The Caps struggled early, with Patrice Bergeron opening up scoring while the Bruins were shorthanded. David Krecji made it 2-0 and the Caps had trouble getting out of there zone. Shortly before the first intermission, TJ Oshie finished off a sequence he started and Nick Backstrom helped with to make it 2-1 after twenty minutes.
The Caps scored twice on a four-minute power play in the second period — one from TJ Oshie and one from Anthony Mantha. The Bruins responded with three more goals that period: Marchand, Krecji, and Bergeron, to make it 5-3 after two periods.
Brod Morchond got an empty-netter in the third.
Caps lose.
- The Washington Capitals lead the league in opponent shorthanded goals with seven.
- There was a lot of controversy at the end of the first period, when TJ Oshie scored. John Walton reports that you can indeed get your nuggies tomorrow. Huge relief.
- Defender Justin Schultz left the game in the first period after this hit from Taylor Hall. The Caps played most of the game with five defenders.
The Hall hit on Schultz. #ALLCAPS #NHLBruins pic.twitter.com/6XERsGjGc3
— Sammi Silber (@sammisilber) April 18, 2021
- The fourth line’s frustrating pattern of offensive-zone penalties continues with Garnet Hathaway‘s relatively soft holding call. David Krecji scored shortly after the PP expired. Hathaway was later ejected from the game for a boarding hit on Jarred Tinordi. It was a bad decision by Hathaway to proceed with a hit on a player in Tinordi’s position, regardless of Tinordi making himself even more vulnerable at the last moment.

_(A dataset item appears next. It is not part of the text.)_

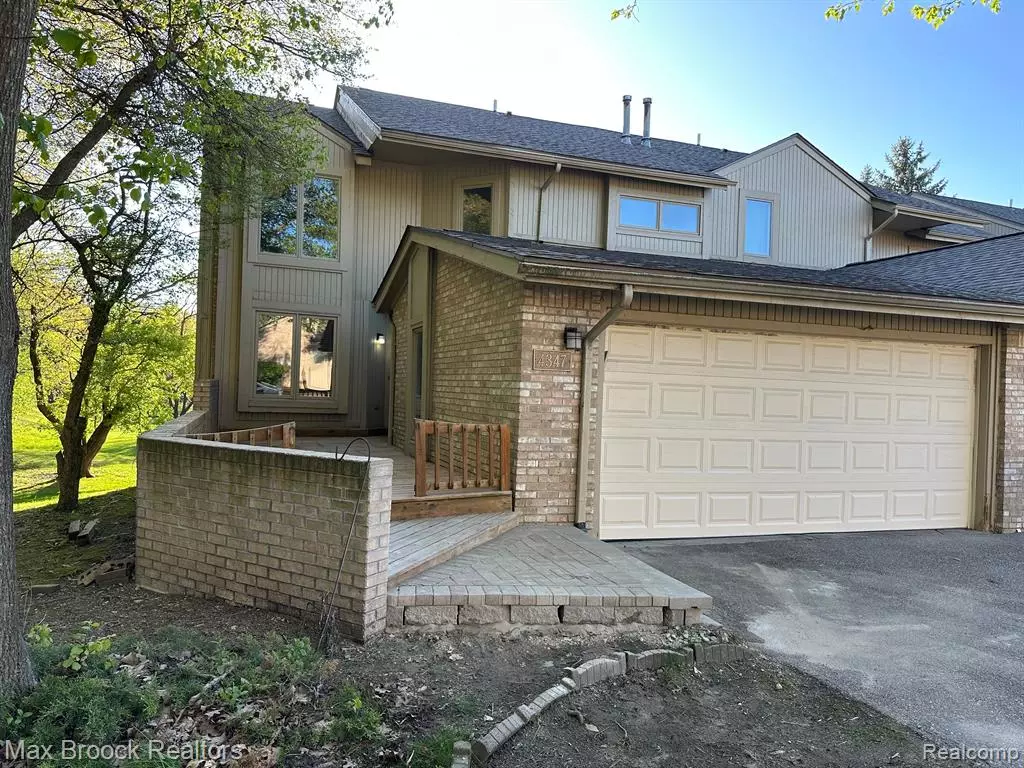 West Bloomfield, MI 48323,4347 FOXPOINTE Drive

- Anthony Mantha has done something no other Caps player has ever done: scored a goal in his first four games with the team.

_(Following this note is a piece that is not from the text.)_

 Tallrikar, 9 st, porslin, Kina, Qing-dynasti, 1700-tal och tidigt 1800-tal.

- Connor Clifton committed two high-sticking penalties today (Eller and Sheary). Both drew blood.
- John Carlson made a perhaps-unwise failed pinch before the second period Bergeron goal, though you could argue he was expecting the refs to call an egregiously late hit by Charlie McAvoy.
- Alex Ovechkin: no goals. He was real close on a few in the third, but Tuukka Rask stopped him on a breakaway and again on the power play.

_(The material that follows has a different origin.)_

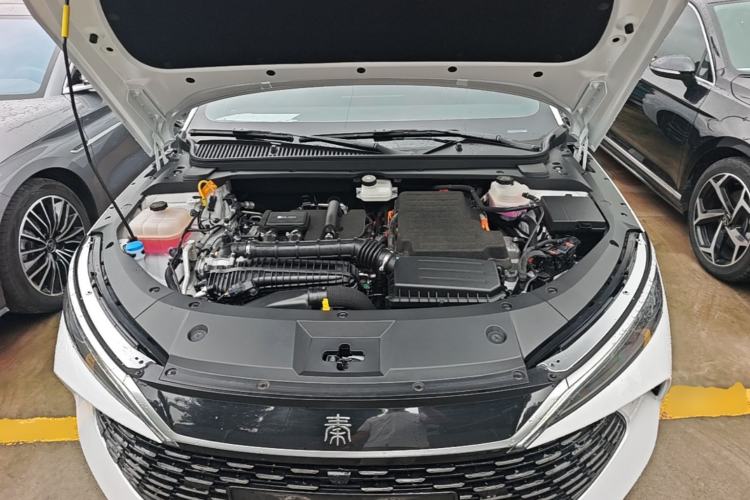 Used BYD Qin L 2025 DM-i Smart Drive 80KM Leading Model Engine Bay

- Tom Wilson drew a penalty in the third period after Sean Kuraly fell into him. That fall had the stink of malevolence to Jarred Tinordi, who demanded a fight. Wilson did not grant him the honor. NBC spent a few minutes deliberating on Wilson’s “malintent” on the play, then continued to characterize it as a “hit from Wilson.” It was not. Wilson did nothing wrong there, and this is coming from a vocal Wilson critic.
It was a(n awful) national broadcast so no Joe B.
when NBC starts dropping Ovi’s plus/minus stats pic.twitter.com/sLbyGibHSE
— RMNB (@russianmachine) April 18, 2021
Okay, so this was a scheduled loss. The unrested Caps played the rested Bruins on the road. That’s the excuse.
But then again, whatever’s happening in front of them, Washington’s goalies need to start saving north of 80 percent eventually. The Caps are not getting the saves they need.
And by that same coin, the Caps of April 2021 are having the same trouble with opponent odd-man breaks that the 2020 team had in the bubble, back when they had a different coach and different roster.
Put iffy goaltending and defensive breakdowns together, and you won’t always be able to outscore the deficit. I suppose that’s what we saw today.